Friday, September 22, 2006

Section Radius

What I'm proposing here is fairly radical, in that it represents a very different method of building in Second Life. But, like everything I propose, it is not only possible, but feasible; I could devise the algorithm for it myself, with a bit of research as needed. This feature would require a more significant change to the data structure for prims than before, but the possibilities are astounding.

Throw away the Taper attribute for objects. It was great, but it will be made entirely obsolete by the feature I am proposing: section radii. Instead of describing the relative size of the beginning and end of the prim, as Taper does, Section Radius would describe the size of the prim at every point along its path.

NB: Every prim, with the exception of Sphere, can be represented as a two-dimensional shape such as a square or circle, which is extruded along a path to create a three-dimensional surface. For Box, Cylinder, and Prism, that path is a straight line into the third dimension; for Tube, Torus, and Ring, that path is a circle.

Take a look at my fancy diagram (to the right, click for a larger version). In (1), we are describing 5 different sections (solid lines), with another 4 values being interpolated between them (dotted lines). The gray line at the bottom represents the full span of the path from beginning to end.

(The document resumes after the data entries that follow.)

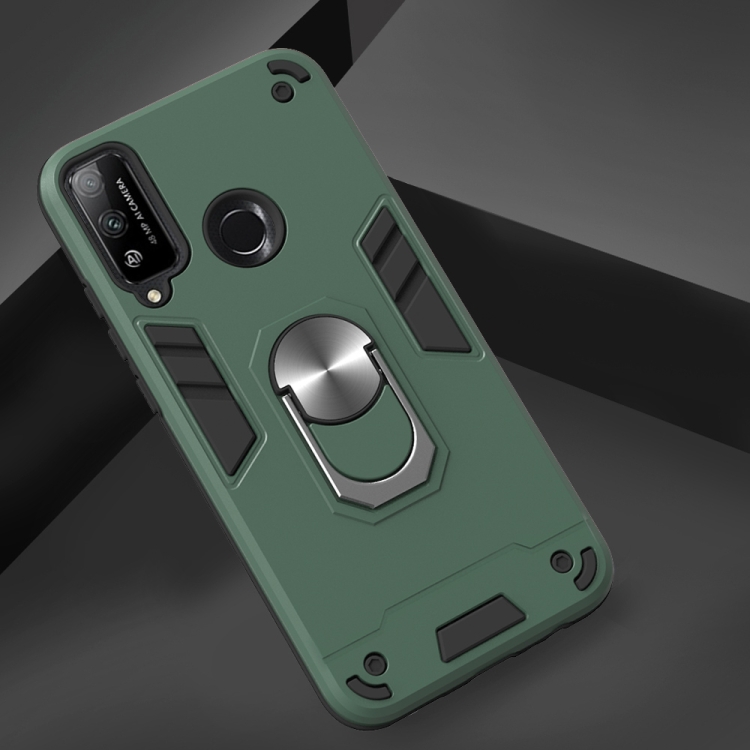 For Huawei Honor Play 4T 2 in 1 Armour Series PC + TPU Protective Case with Ring Holder(Dark Green) - 1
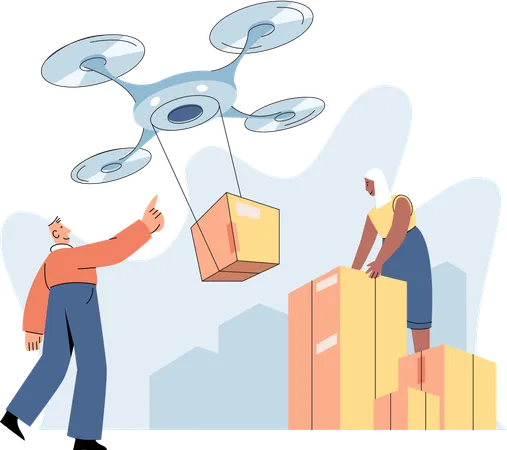 Drone delivery service  Illustration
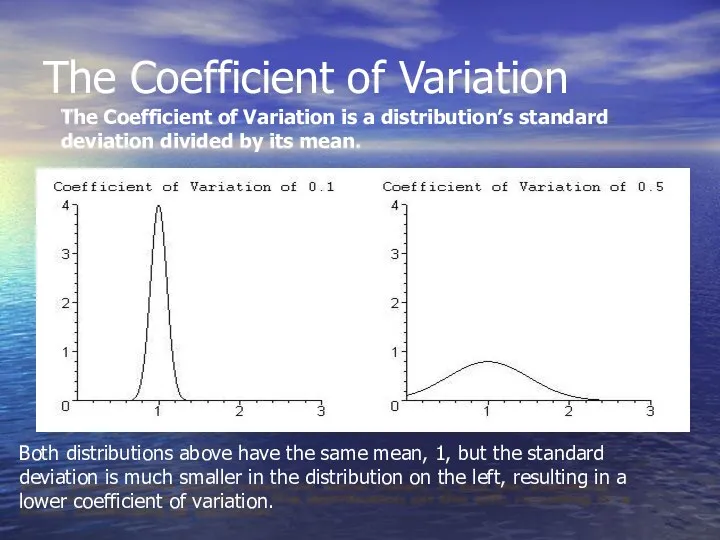 The Coefficient of Variation The Coefficient of Variation is a distribution’s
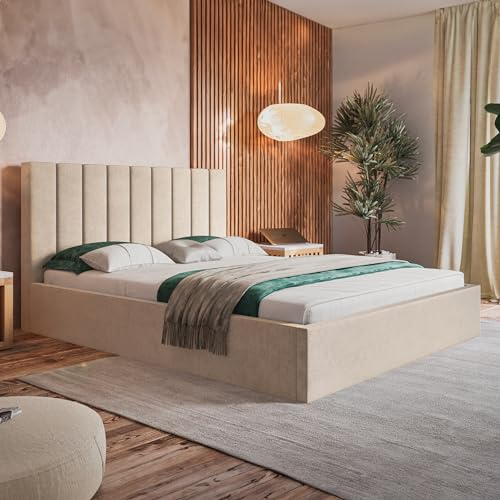 MOTIVENA Wiko Bett 180x200 Samt, Polsterbett 180x200 mit Bettkasten, mit Stauraum, mit Lattenrost, mit Kopfteil, ohne Matratze, Beige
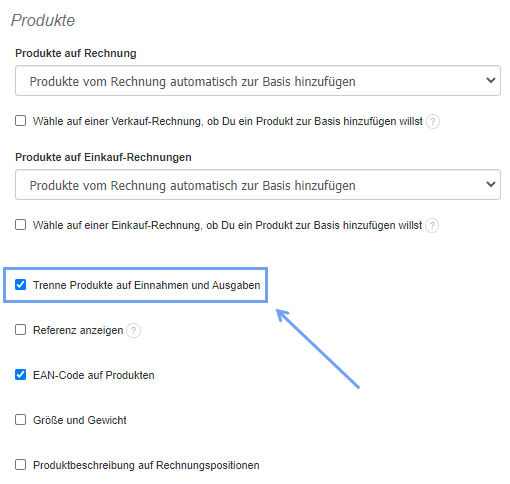 Trenne Produkte Einnahmen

In (2), we see a top-view of a cylinder with the sections that were defined in (1). Note that by smoothly interpolating between the defined sections, we can achieve a very smooth result without defining a large number of sections. In (3), we see a top-view of a torus with the same sections (or, at least, a passable representation of one; it's hand-drawn, not mathematically computed, so it may not be very accurate).

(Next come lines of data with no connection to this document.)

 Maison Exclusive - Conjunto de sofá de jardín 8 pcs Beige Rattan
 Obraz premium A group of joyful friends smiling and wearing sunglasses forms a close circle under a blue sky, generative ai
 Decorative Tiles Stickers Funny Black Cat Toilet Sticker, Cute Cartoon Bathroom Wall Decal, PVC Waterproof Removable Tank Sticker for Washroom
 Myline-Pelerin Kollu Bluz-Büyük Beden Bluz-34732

In the example, all the sections were equally spaced, but that need not be the case. Nor need there be a set number of sections. An arbitrary number of sections could be defined, with data storage increasing linearly with the number of sections defined (i.e. if we define twice as many sections, it takes twice as much space to store the data).

The advantage taper has is that it can be represented as two numbers between -1.0 and +1.0, one number for each axis X and Y. So, it doesn't take much bandwidth to transmit the Taper attribute of a prim. The disadvantage to taper is that its possibilities are decidedly limited: the shape's size can only be changed by a constant value as it is extruded along its path. It cannot, for example, start out small, become large in the middle, then small again at the end (making a surface resembling a lemon or American football).

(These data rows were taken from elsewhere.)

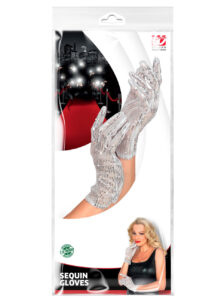 gants argents sequins, gants argent
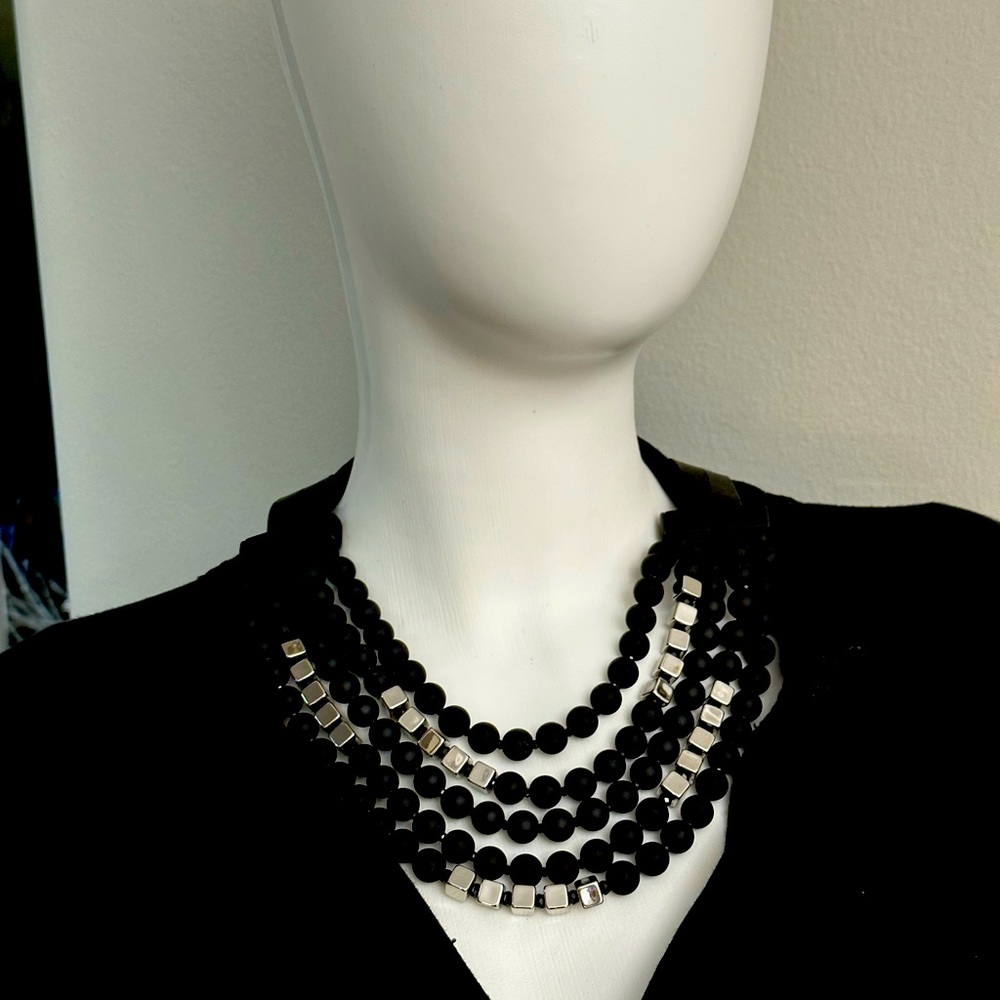 Chicos, NWT black and silver beaded necklace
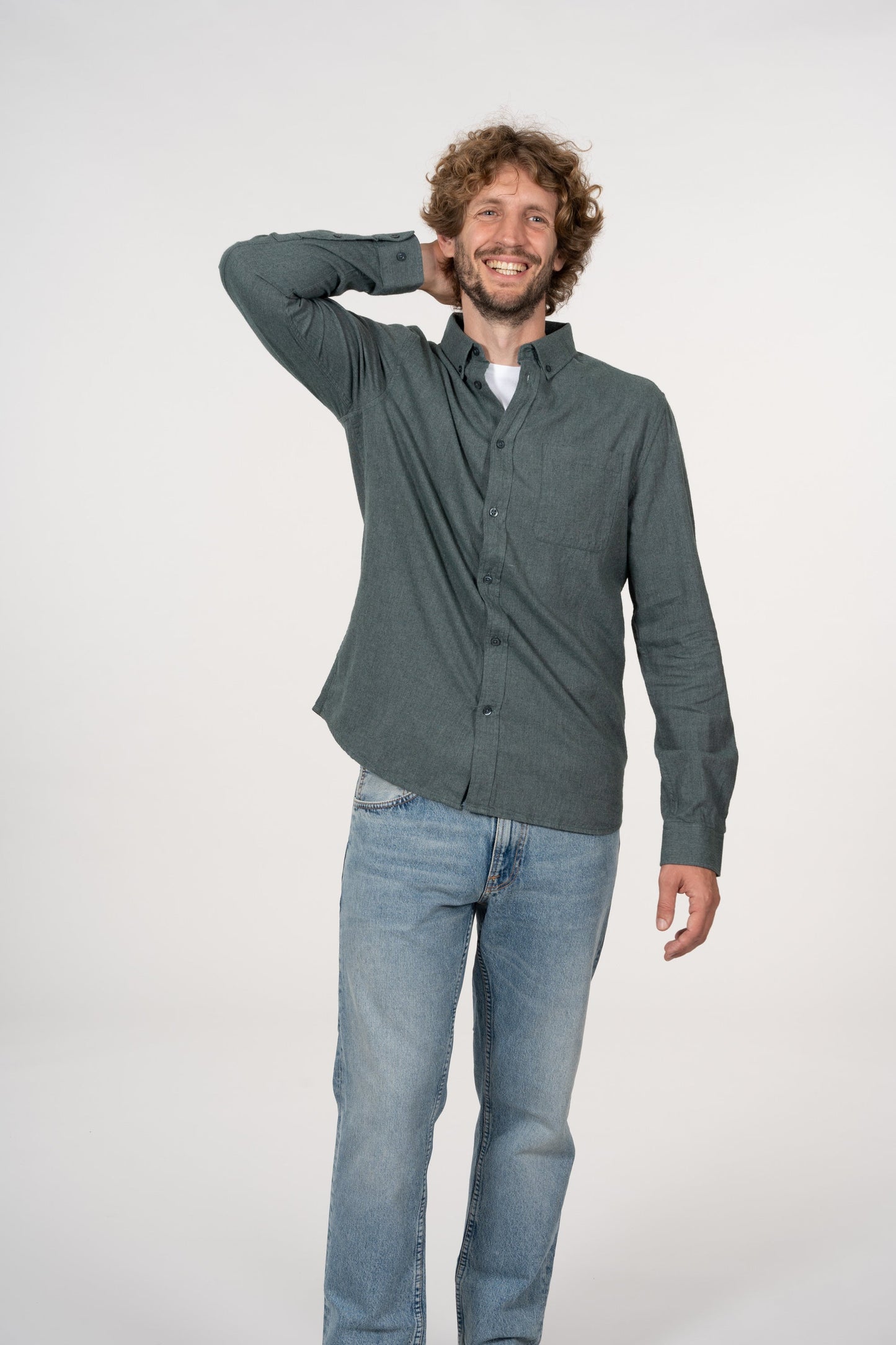 Chemise flanelle vert en coton bio - Elder Green Forest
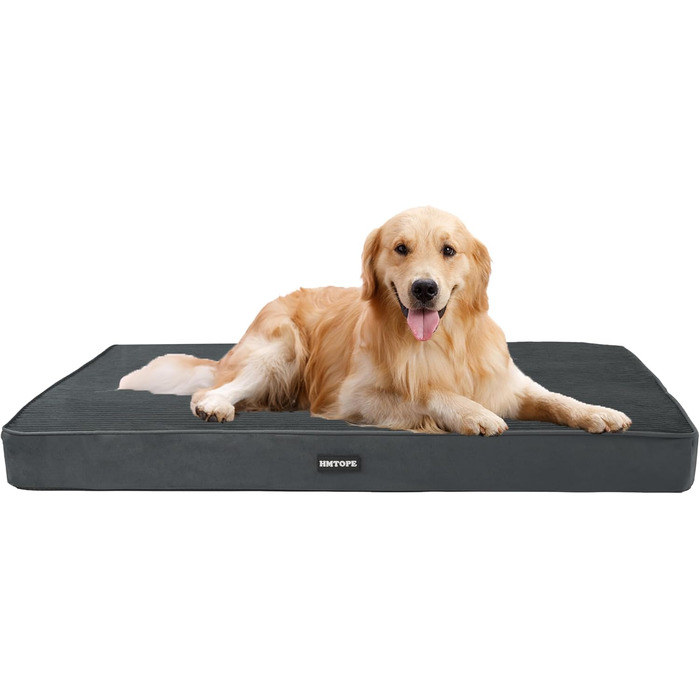 HMTOPE Orthopedic Dog Bed, 10cm Thick Dog Cushion for Medium and Large Dogs, Removable and Washable Dog Mat, Non-Slip Bottom, Waterproof Inner Lining, 112 cm, Dark Grey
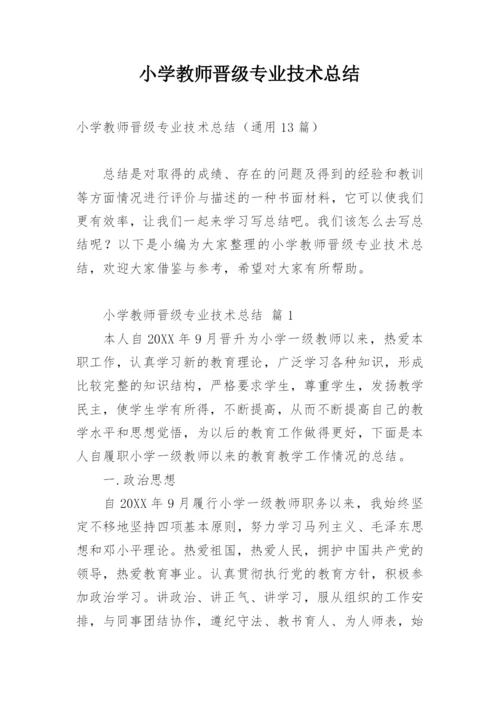 小学教师晋级专业技术总结.docx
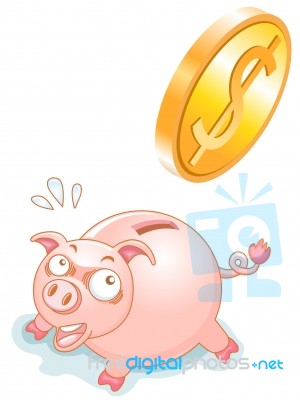 Piggy Bank And US Dollar Stock Image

With section radius, on the other hand, it would be possible to make such a shape, and a great many other shapes, with a single prim: vases, bullets, wavy french fries, bushy tails, barbells, and a great many non-PG items (which I will refrain from linking to). I haven't even started to mention all the possibilities with torus and kin!

There is, of course, a trade-off: section radius takes more information to store and transmit than taper. How much more?

One axis of taper requires, at most, a single floating point number (i.e. not an integer). If Linden Lab is clever, they don't even need that, because the granularity of each attribute is in the hundredths (I may be wrong, it may be thousandths), meaning there are only 200 (or 2000) possible values for one taper axis. That would take only 8 (or 11) bits to represent, versus a 32 bit float value.

Section radius, on the other hand, would require at least twice that, for every section defined. The more sections you define (i.e. the greater the detail in the section radius), the more data you have to store. I say "at least twice", because additional storage would be needed for storing the interpolation type (linear, smooth, step, and perhaps others). That might be stored once for the entire curve, or stored for each section. The latter would require more storage, but would be more flexible.

Section radius can, of course, be used to emulate the current Taper attribute (as well as the poorly-named Hole Size attributes for torus and kin, at no extra cost): one section each defined at the beginning and end, with linear interpolation between them. That's between four and six times as much data, for the same result.

When it's phrased like that, it seems like a bad idea. The same result, but a higher cost? No thanks!

But consider this: section radius would enable shapes which were impossible before. And if you were to try to approximate such a shape using existing building methods, it would require (n-1) separate prims, where n is the number of sections. Each prim, of course, has to store a great many redundant attributes (position, rotation, size, texture data, etc.) which would not be necessary for a single complex prim. And besides taking more storage space (not to mention parcel prim limit space), a many-prim solution would require a great deal of time to construct, and the results would be blocky and undesirable.

To put this in another light: section radius would enable complex and beautiful shapes to be made from a single prim, but would make creating a large number of simple shapes slightly less efficient.

It represents a shift from low-level, difficult-to-use tools to higher-level, easy-to-use tools. This is a shift that Second Life needs to make, in many areas, if it hopes to attract and retain the Doers and Makers that create the content of Second Life.

1 comment:

Keoni Chavez said...

Why am you smarter than me? Me, Bizarro Akela, am smartest wolfwere on Bizarro world, but me no can overstand what you am saying.

*sigh* Bizarro Akela am just pawn in game of life.